World

US court summons Indian Punjab officials over crackdown on Sikhs, internet ban

A US Federal Court in New York has summoned India Punjab’s chief minister and two other officials after a violent crackdown...

Murtaza Ali Shah
March 28, 2023
Amritpal Singh, a Sikh leader, leaves the holy Sikh shrine of the Golden Temple along with his supporters, in Amritsar, India, March 3, 2023. — Reuters
Amritpal Singh, a Sikh leader, leaves the holy Sikh shrine of the Golden Temple along with his supporters, in Amritsar, India, March 3, 2023. — Reuters

LONDON/NEW YORK: A US Federal Court in New York has summoned India Punjab’s chief minister and two other officials after a violent crackdown was launched against Sikhs including a total ban on the internet in the state.

The New York Federal Court has issued summons on a writ filed by pro-Khalistan Sikhs For Justice (SFJ) at the court against Punjab Chief Minister Bhagwant Singh Mann, Punjab Governor Banwari Lal Purohit, and Gaurav Yadav for arresting thousands of pro-Khalistan Sikhs and placing internet ban in Punjab to blackout the information about the violent crackdown on the pro-Khalistan Sikh.

The Federal Court summons issued in the case 23-cv-02578 “SFJ v. Bhagwant Mann, Banwarilal Purohit, and Gauruv Yadav” states that “within 21 days after service of this summons on you (not counting the day you received it) — or 60 days if you are the United States or a United States agency, or an officer or employee of the United States described in Fed. R. Civ. P. 12 (a)(2) or (3) — you must serve on the plaintiff an answer to the attached complaint or a motion under Rule 12 of the Federal Rules of Civil Procedure”.

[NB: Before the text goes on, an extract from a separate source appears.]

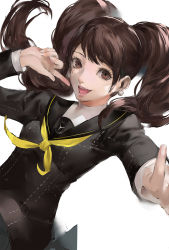 Rule 34 | 1girl, black sailor collar, blazpu, brown eyes, brown hair, commentary request, earrings, hand up, highres, jewelry, kujikawa rise, light, lipstick, long hair, long sleeves, looking at viewer, makeup, neckerchief, outstretched arm, persona, persona 4, pointing, pointing at self, revision, sailor collar, school uniform, serafuku, shaded face, simple background, smile, solo, sunlight, twintails, white background, yasogami school uniform, yellow neckerchief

The Sikhs For Justice 27th March complaint filed before the Federal Judge of the Southern District of New York alleges that “this action is brought in the wake of ongoing severe and violent ‘Siege of Punjab’ in India where thousands of Sikh families have been illegally detained, subjected to custodial torture while the whole state of Punjab has been cut and isolated from the rest of the world with shut down of internet to blackout the information about ongoing human rights abuses and to carry on the persecution of the Sikh population with impunity on account of their subscription to the socio-religious campaign – ‘Khalsa Vaheer’ – run by the ‘Waris Punjab De’ (WPD) under the leadership of Sikh preacher Amritpal Singh and for their support to the political opinion ‘Khalistan Referendum.”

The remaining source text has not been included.